### Work item
Take the line containing "image:imageNourison Home Astra" and every line after it to the end of the records, and copy them exactly, leaving out pictures.

BEGIN

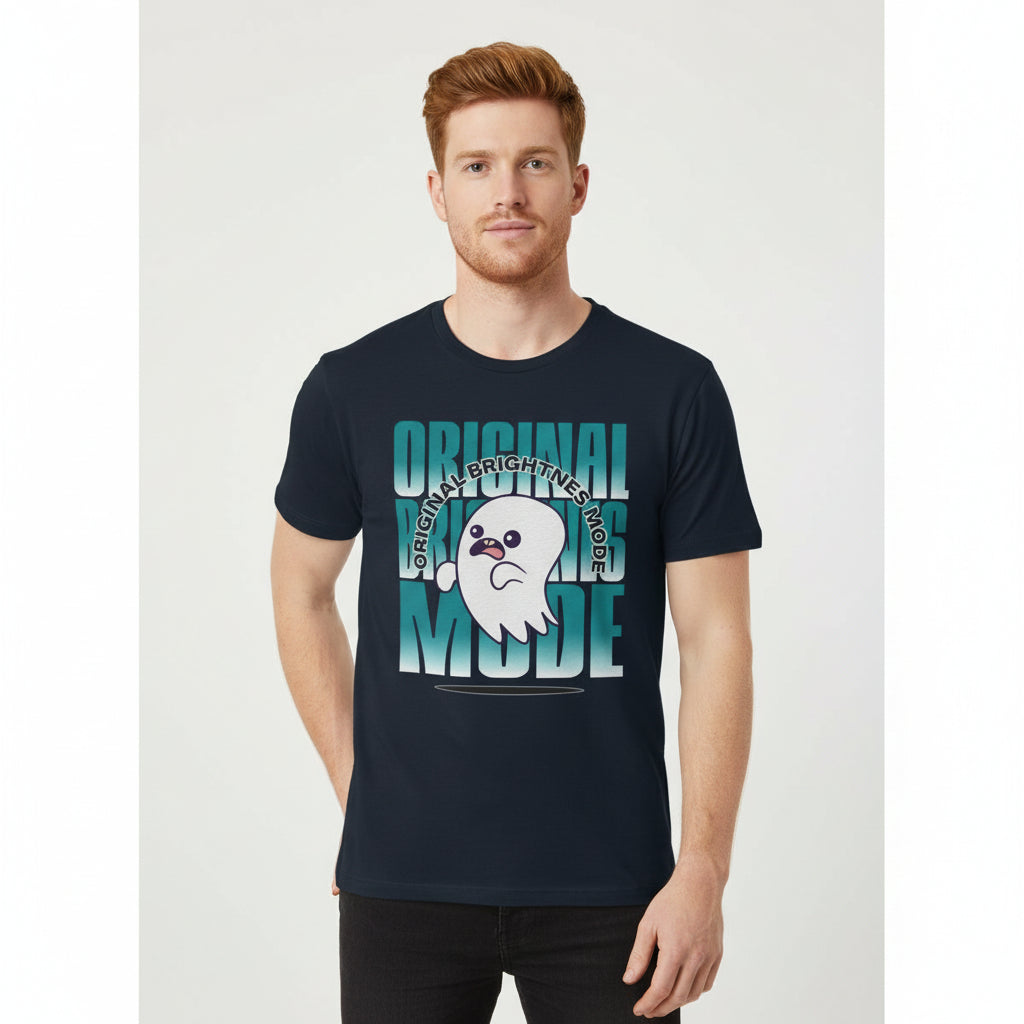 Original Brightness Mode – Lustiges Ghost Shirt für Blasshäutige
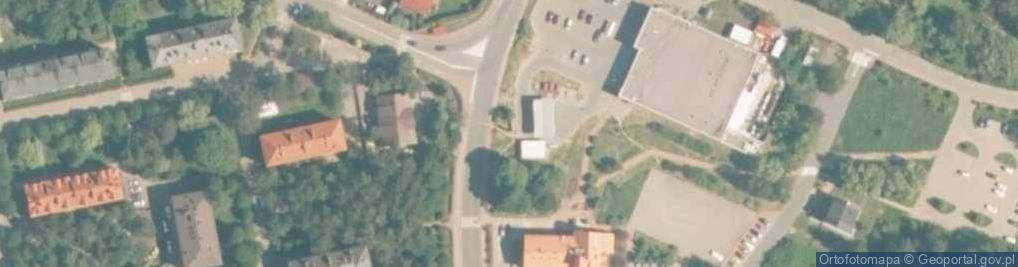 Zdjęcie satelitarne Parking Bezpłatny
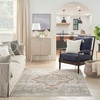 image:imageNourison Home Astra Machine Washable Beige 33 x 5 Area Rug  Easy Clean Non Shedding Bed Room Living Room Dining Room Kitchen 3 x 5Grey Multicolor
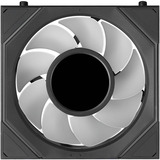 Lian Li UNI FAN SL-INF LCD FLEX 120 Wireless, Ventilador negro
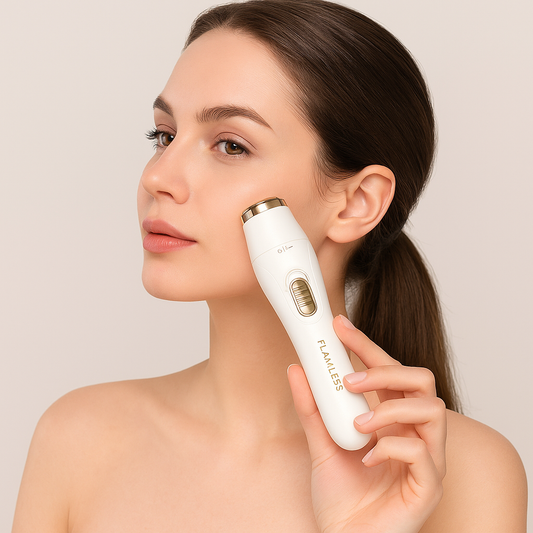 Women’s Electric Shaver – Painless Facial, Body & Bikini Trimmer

END

### Solution to this problem
 image:imageNourison Home Astra Machine Washable Beige 33 x 5 Area Rug  Easy Clean Non Shedding Bed Room Living Room Dining Room Kitchen 3 x 5Grey Multicolor
 Lian Li UNI FAN SL-INF LCD FLEX 120 Wireless, Ventilador negro
 Women’s Electric Shaver – Painless Facial, Body & Bikini Trimmer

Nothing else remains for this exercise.